Paul Bettany says the death of his brother made him realise life wasn't "exciting and endless".

The 'Broken Lines' actor - who lost his sibling as a teenager - explained the experience made him feel "alienated" from other people his age and aware of "how precarious" life really is.

He said: "My brother had died. I was very merged with my brother. It was a mixture of the loss of someone you love deeply coupled with a time when you're sort of - 16, 17 - narcissistically confident about yourself, thinking life is Eternal, and the fragility of it being revealed was awful.

"Quite apart from my own loss. I loved him so much. The awareness of how precarious our position is. And an alienation of how I felt with other people my age. I felt I was holding a huge secret about what actually happens.

"Up until then life had seemed exciting and endless."

Paul - who raises sons Kai, 14, and Stellan, eight, and daughter Agnes, seven months, with wife Jennifer Connelly - admitted he reached a particularly low point when he had been busking on the streets of London, and he had his guitar confiscated by his landlord for failing to pay his rent.

He added: "There's a 10-year period from 16 to 26 where I'm not very clear on time. I had no thought of the future at all. No plan. I suppose now, when I think back to it, I was in a depressed state. But it didn't feel like depression because I didn't feel much.

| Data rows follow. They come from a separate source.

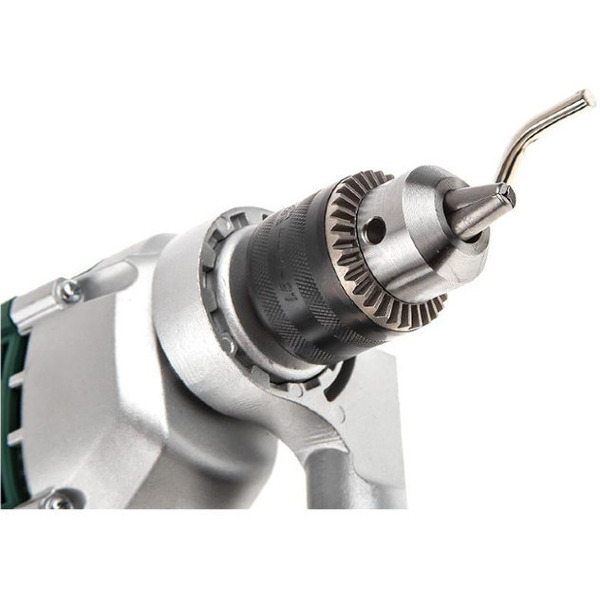 Дрель Hammer Flex UDD950A (544542)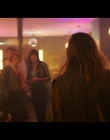 Filename=Cats_Eyes_S01E04_mkv0486.jpg
Filesize=631KiB
Dimensions=1920x1080
Date added=Jun 05, 2025 Cats_Eyes_S01E04_mkv0486.jpg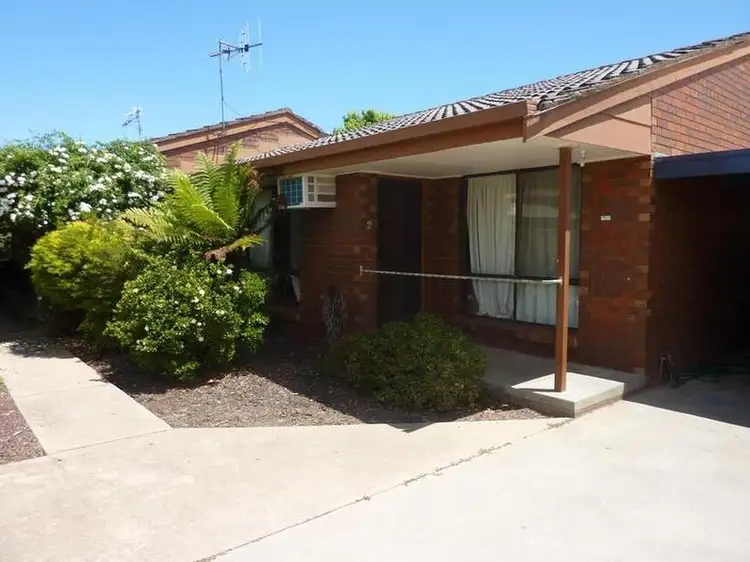 Unit 2/19 Punt Road, Cobram VIC 3644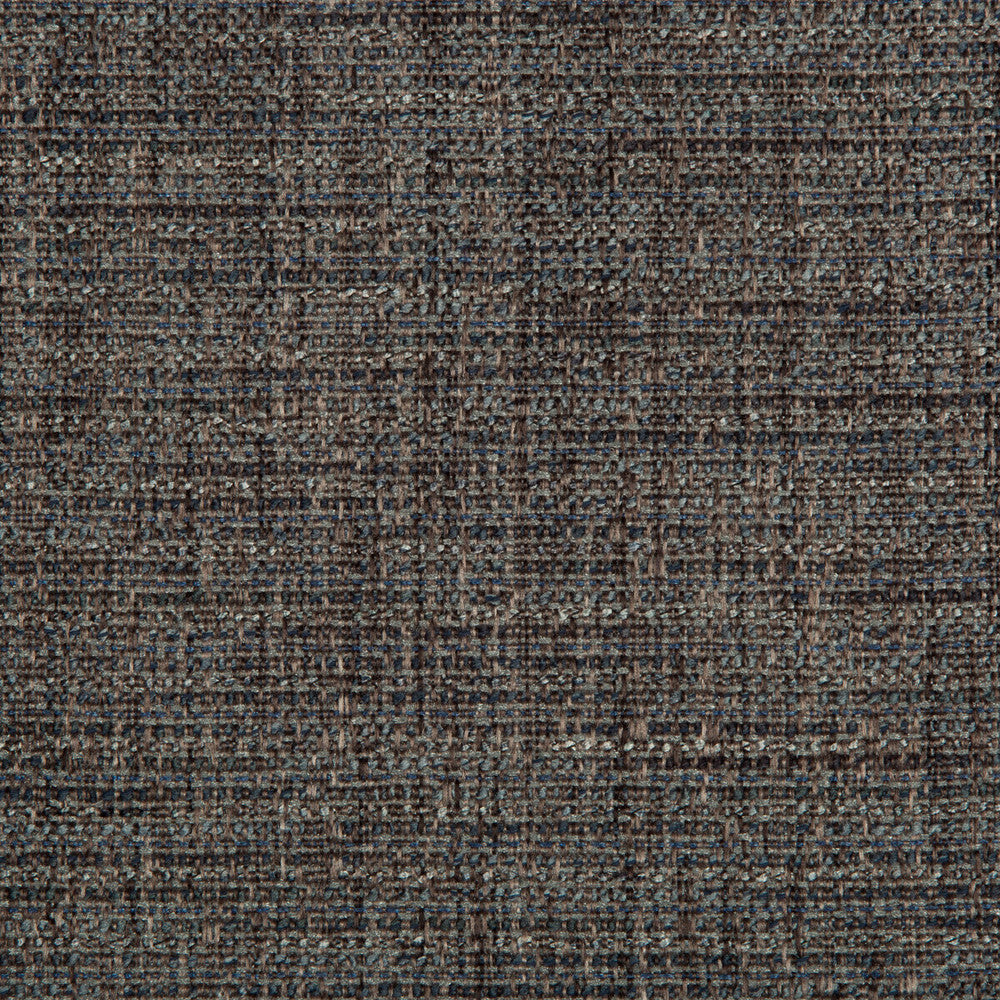 35410-521 by Kravet Contract Designer Fabric CRYPTON INCASE POLYESTER - 66%;OLEFIN - 22%;COTTON - 12% China HEAVY Horizontal: and Vertical: 54 - Swanky Fabrics -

"I was living in a bunch of different places. I'd sneak into a boarding house where my sister was staying - she let me sleep on my floor. I slept on a lot of floors. The landlord came up and took my guitar - which was really f***ing stupid because I had no way of earning the rent money.

"My dad came and picked me up and paid off my rent. I went home and then I started working in an old people's home. And then I applied for drama school and got in."